[Instructions for the task]
Write out all the records exactly, and keep any images out.

===== Source material

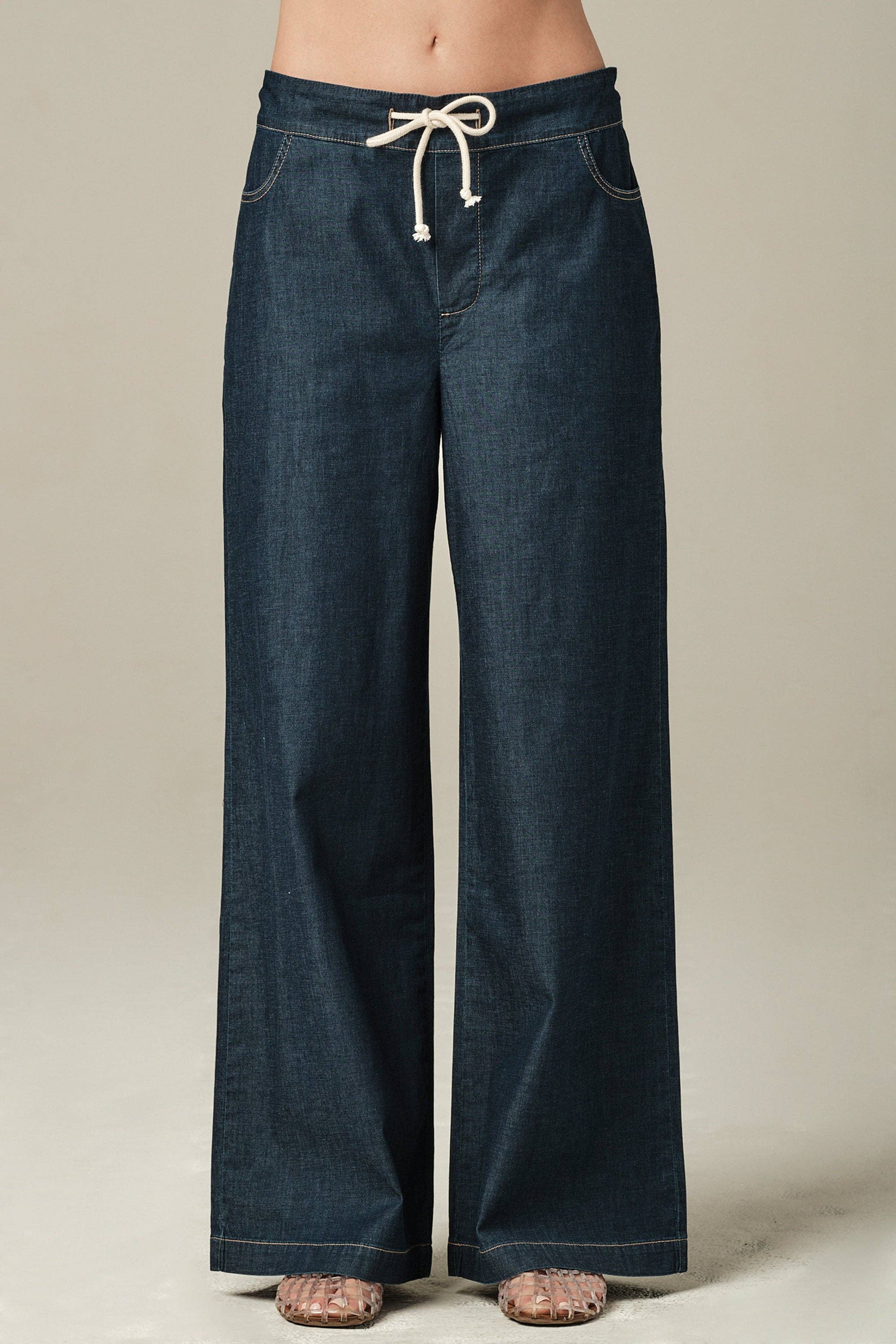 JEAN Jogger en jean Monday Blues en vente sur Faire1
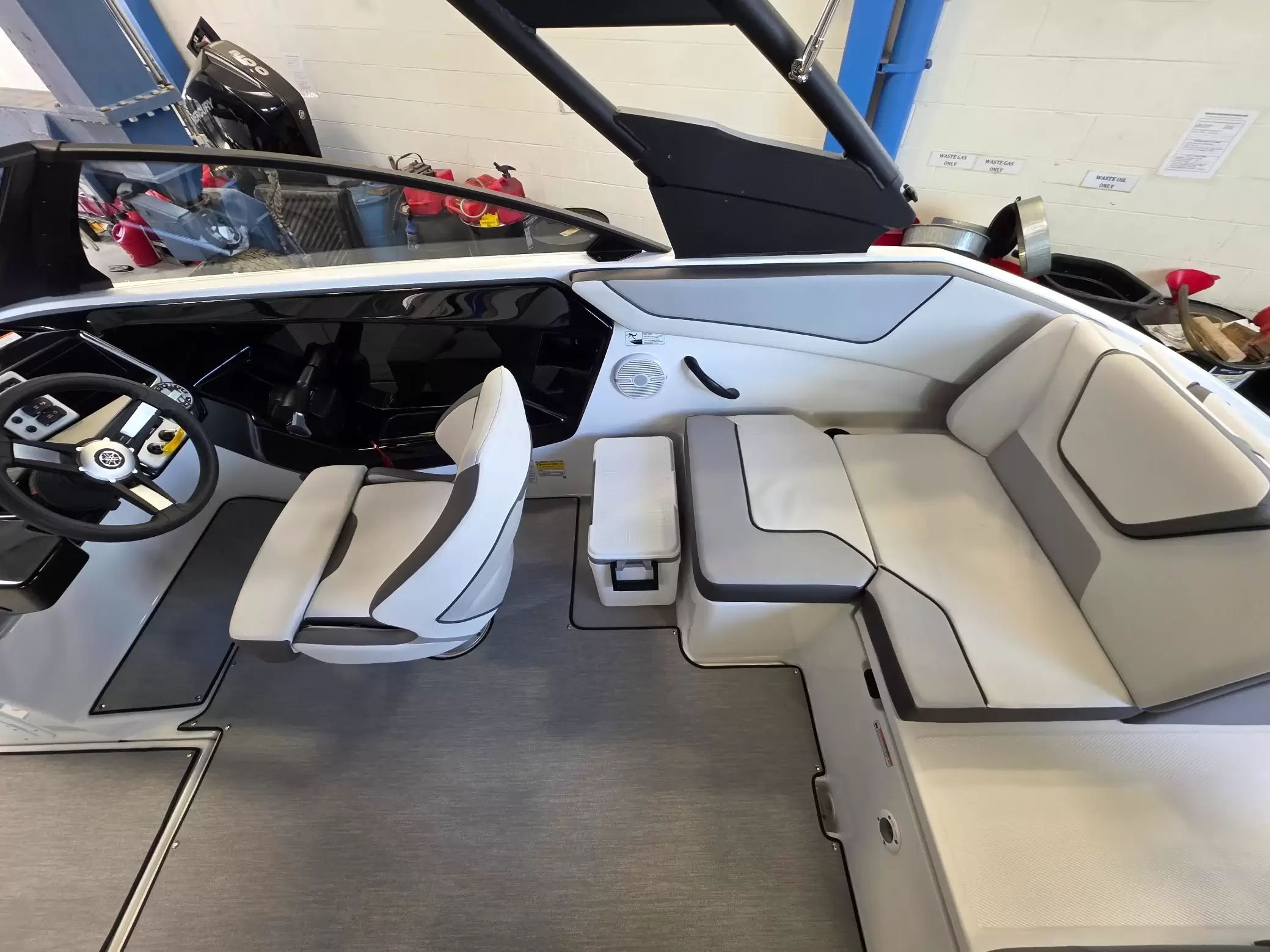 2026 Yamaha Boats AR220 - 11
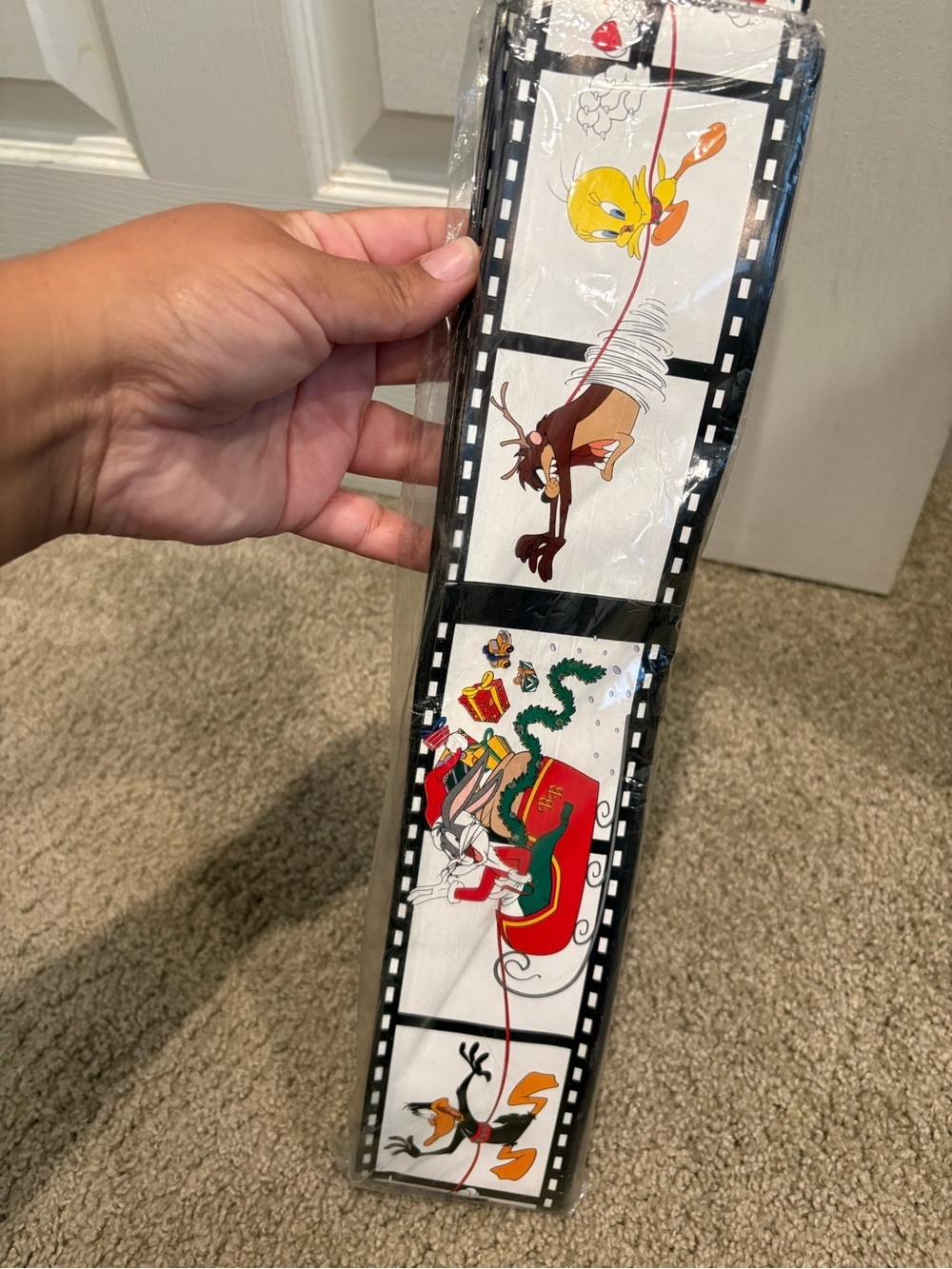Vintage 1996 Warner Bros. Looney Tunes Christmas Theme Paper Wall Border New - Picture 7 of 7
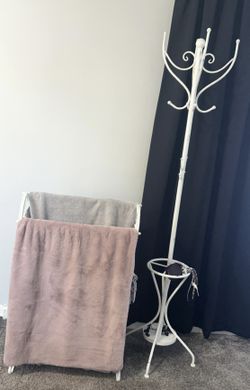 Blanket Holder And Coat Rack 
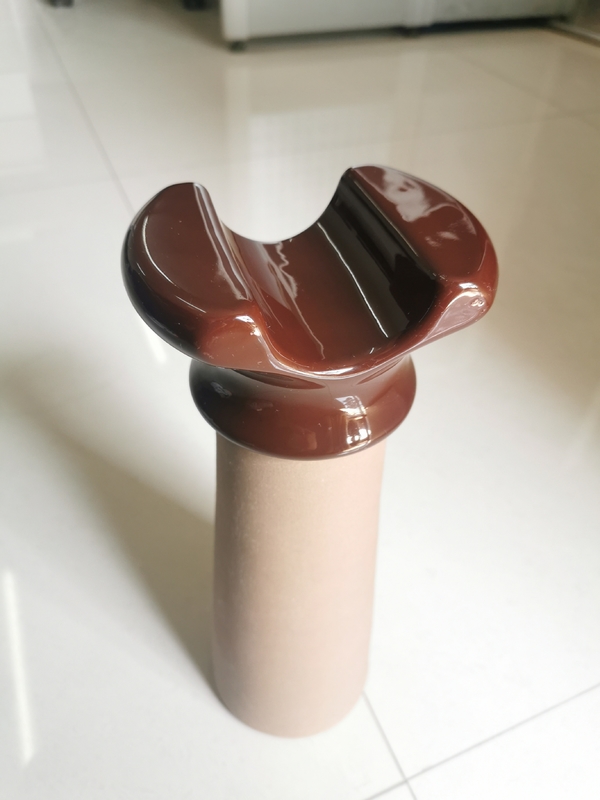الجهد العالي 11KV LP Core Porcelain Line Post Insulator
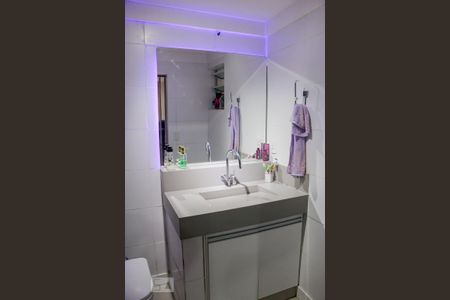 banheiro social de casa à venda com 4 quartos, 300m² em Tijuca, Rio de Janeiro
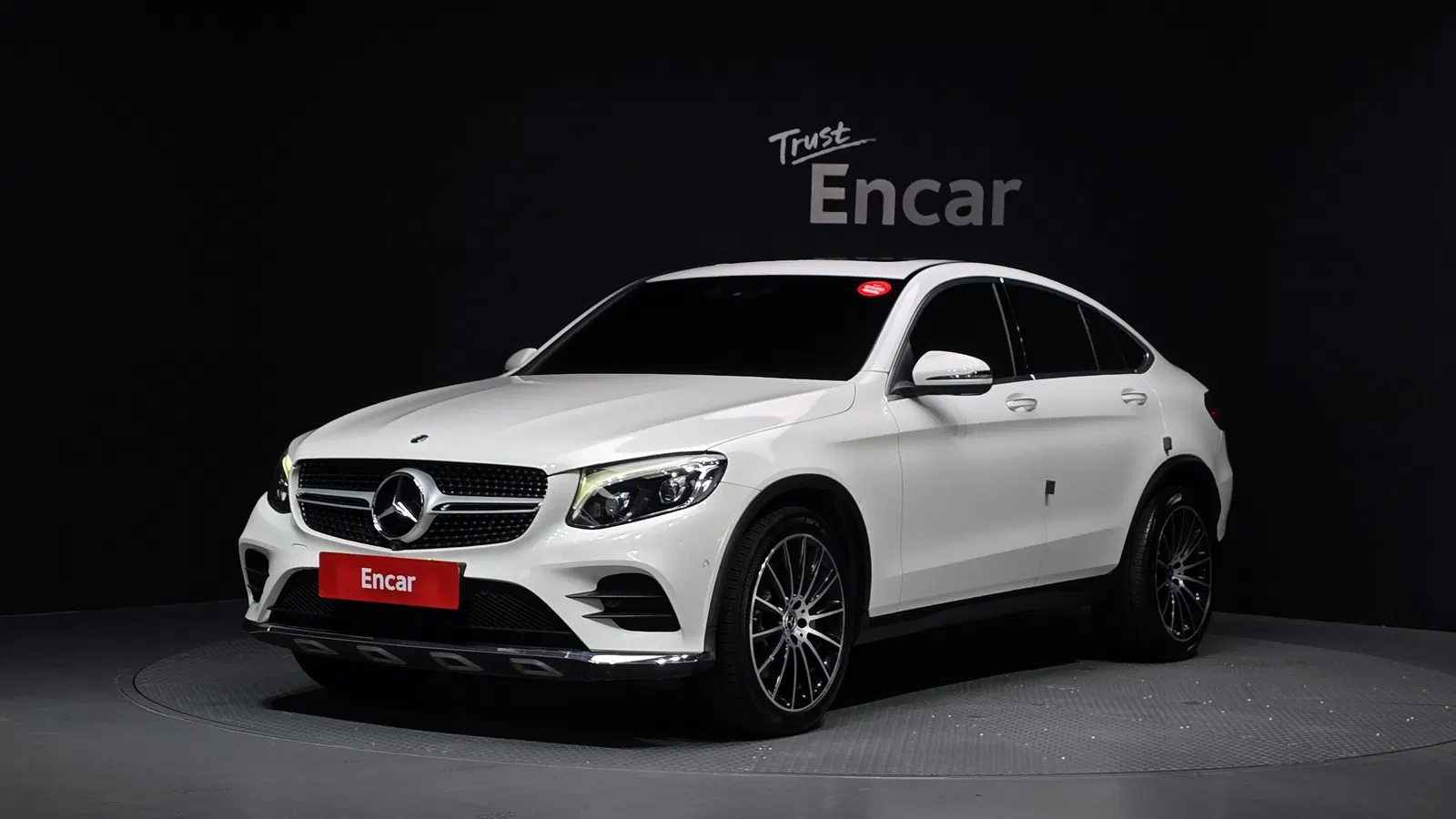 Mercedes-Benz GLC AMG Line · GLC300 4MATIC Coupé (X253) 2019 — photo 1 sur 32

==========

[Answer]
 JEAN Jogger en jean Monday Blues en vente sur Faire1
 2026 Yamaha Boats AR220 - 11
Vintage 1996 Warner Bros. Looney Tunes Christmas Theme Paper Wall Border New - Picture 7 of 7
 Blanket Holder And Coat Rack 
الجهد العالي 11KV LP Core Porcelain Line Post Insulator
 banheiro social de casa à venda com 4 quartos, 300m² em Tijuca, Rio de Janeiro
 Mercedes-Benz GLC AMG Line · GLC300 4MATIC Coupé (X253) 2019 — photo 1 sur 32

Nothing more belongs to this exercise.